**DATA SEGMENT**
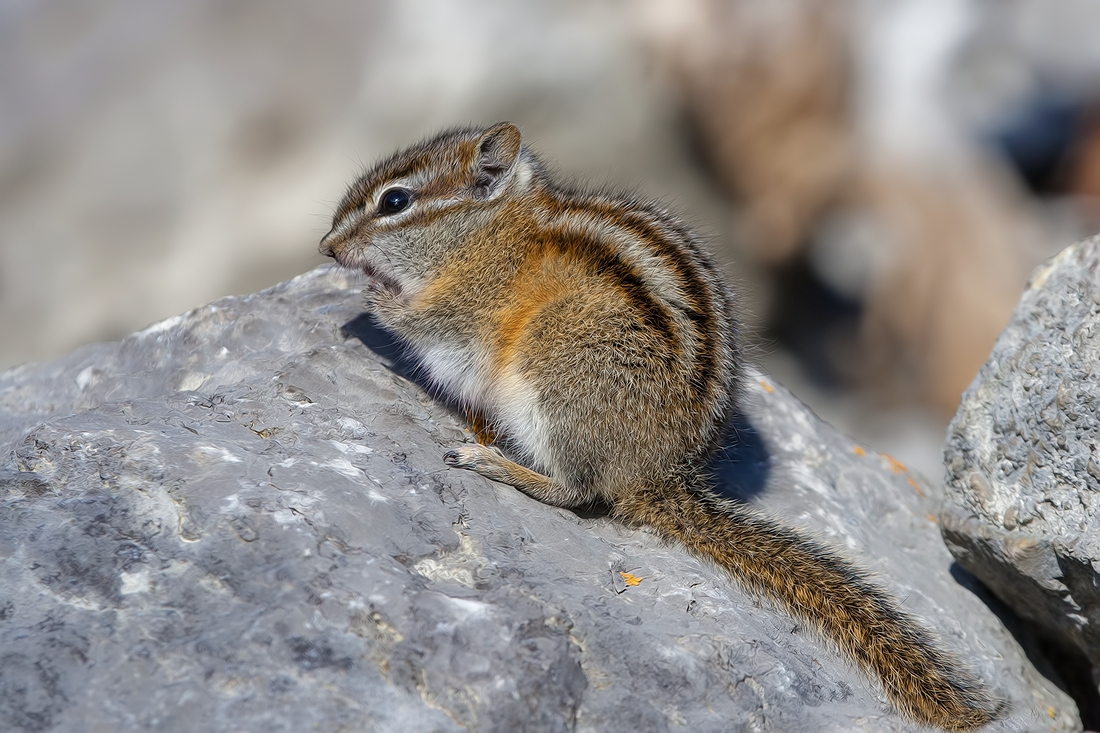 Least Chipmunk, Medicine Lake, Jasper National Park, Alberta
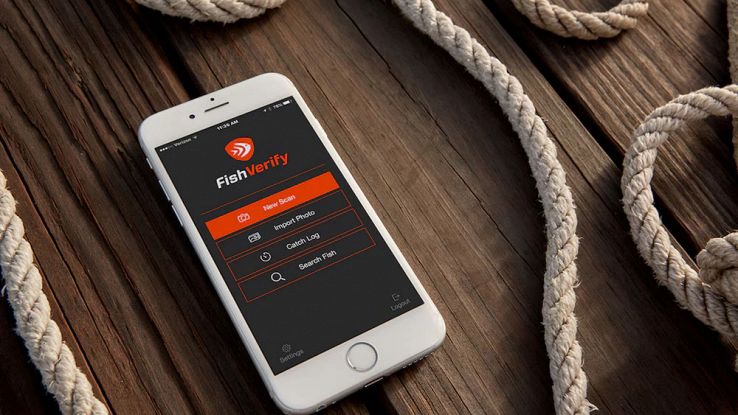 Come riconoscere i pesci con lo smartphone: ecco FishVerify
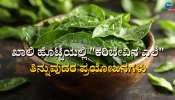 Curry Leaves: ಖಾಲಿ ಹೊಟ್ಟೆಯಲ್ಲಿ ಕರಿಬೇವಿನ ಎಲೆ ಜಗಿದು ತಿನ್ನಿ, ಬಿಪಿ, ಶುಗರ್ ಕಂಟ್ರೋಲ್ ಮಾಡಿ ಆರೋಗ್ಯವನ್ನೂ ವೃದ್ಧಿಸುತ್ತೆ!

**ASSIGNMENT**
Exact copies of the lines from the one containing "Come riconoscere i" through the final line of the data are required; pictures are to be omitted.

**TASK SOLUTION**
 Come riconoscere i pesci con lo smartphone: ecco FishVerify
 Curry Leaves: ಖಾಲಿ ಹೊಟ್ಟೆಯಲ್ಲಿ ಕರಿಬೇವಿನ ಎಲೆ ಜಗಿದು ತಿನ್ನಿ, ಬಿಪಿ, ಶುಗರ್ ಕಂಟ್ರೋಲ್ ಮಾಡಿ ಆರೋಗ್ಯವನ್ನೂ ವೃದ್ಧಿಸುತ್ತೆ!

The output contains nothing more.